Grief is a funny thing. The intensity lessens, but it never seems to go completely away. Professionals and books will tell you that there is a neat series of emotions that you will go through, and then everything will be alright. In my personal opinion, it is more like jagged mountains you hike through; just when you thought you reached the highest peak, there's another one to climb. You have to navigate rocks and bushes in your path and sometimes you hit a level path for a time. A level path can be quite deceiving, slowly ascending until you realize you're heading up again. I think that's the best way I can describe grief, it seems to sneak up on you when you think you're doing well, but if you honestly look back, it's been building for a time.
When you lose someone very close to you, you have to learn how to deal with the way grief works in your life. Immediately after your loved one has died, it looks quite different depending on the situation. I have been through both - the quick, unexpected death and the "knew it was coming" death. But after the immediacy has worn off, the long-term grief comes. This grief doesn't have a timeline, but lives as a part of the fabric of your life. If you learn the best ways to cope with it, it doesn't have to consume you but just becomes a part of you.

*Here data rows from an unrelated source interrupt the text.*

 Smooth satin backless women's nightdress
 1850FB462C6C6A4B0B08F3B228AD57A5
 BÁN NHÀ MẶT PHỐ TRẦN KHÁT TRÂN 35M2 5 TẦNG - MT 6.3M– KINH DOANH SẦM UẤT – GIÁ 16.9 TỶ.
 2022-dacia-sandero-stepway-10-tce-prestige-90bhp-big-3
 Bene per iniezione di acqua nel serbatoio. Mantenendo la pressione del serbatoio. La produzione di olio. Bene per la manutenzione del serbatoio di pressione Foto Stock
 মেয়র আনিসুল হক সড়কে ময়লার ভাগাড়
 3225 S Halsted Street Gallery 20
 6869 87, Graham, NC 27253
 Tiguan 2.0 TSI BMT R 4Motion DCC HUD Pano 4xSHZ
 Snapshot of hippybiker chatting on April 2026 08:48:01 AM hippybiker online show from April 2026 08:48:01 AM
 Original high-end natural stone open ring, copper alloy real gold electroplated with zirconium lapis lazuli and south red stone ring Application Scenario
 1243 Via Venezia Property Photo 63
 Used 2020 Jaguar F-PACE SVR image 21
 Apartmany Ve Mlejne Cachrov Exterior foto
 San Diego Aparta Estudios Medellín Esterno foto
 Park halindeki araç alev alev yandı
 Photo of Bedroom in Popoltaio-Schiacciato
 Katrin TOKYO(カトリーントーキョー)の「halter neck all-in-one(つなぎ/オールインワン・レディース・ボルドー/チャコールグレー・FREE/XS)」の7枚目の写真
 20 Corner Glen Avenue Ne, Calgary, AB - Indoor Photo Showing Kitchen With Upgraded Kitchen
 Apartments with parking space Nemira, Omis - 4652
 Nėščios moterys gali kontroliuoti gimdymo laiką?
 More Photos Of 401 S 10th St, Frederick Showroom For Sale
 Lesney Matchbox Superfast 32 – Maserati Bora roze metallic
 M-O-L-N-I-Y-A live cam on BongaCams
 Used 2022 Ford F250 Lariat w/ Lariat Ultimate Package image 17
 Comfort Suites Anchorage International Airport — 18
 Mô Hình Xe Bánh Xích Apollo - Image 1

You can use it for good - keeping memories of the loved one alive for yourself and future generations, lending a sympathetic ear to someone just starting the grief journey, and evaluation of your life. Here are some ways I've found helps me when grief "sneaks" up on me:
- Acknowledge. Sometimes you have to put a name to your feelings in order to move on. It only prolongs the process if you deny that you are grieving....it doesn't matter if it's been 2 years or 20 years.
- Pray. Give it to God. He knows what you're feeling and he wants to give you peace. It may not happen right away because sometimes you have to learn something about yourself in the process, but you need to pray right away and often.
- Talk to someone. Maybe it is someone who has lost a loved one and understands. Maybe it's a relative or friend you trust with your feelings. God has given us these people for this purpose.
- Use a resource. My favorite I go back to time and time again is "Motherless Daughters" by Hope Edelman. I also have "Letters from Motherless Daughters" by the same author. I find it extremely comforting to know I am not the only person dealing with these feelings.
- Give yourself a break. You may have to duck out of your routine for a day or two. If you have young children at home, reach out to your spouse, a relative, or a friend for a break.
- Do something you love. Go for a drive. Look through a scrapbook. Get together with a friend for coffee. Go for a run or walk. Be kind to yourself. It is easy to beat yourself up...."I should be over this by now!" This will only prolong the grief, which could easily lead into depression.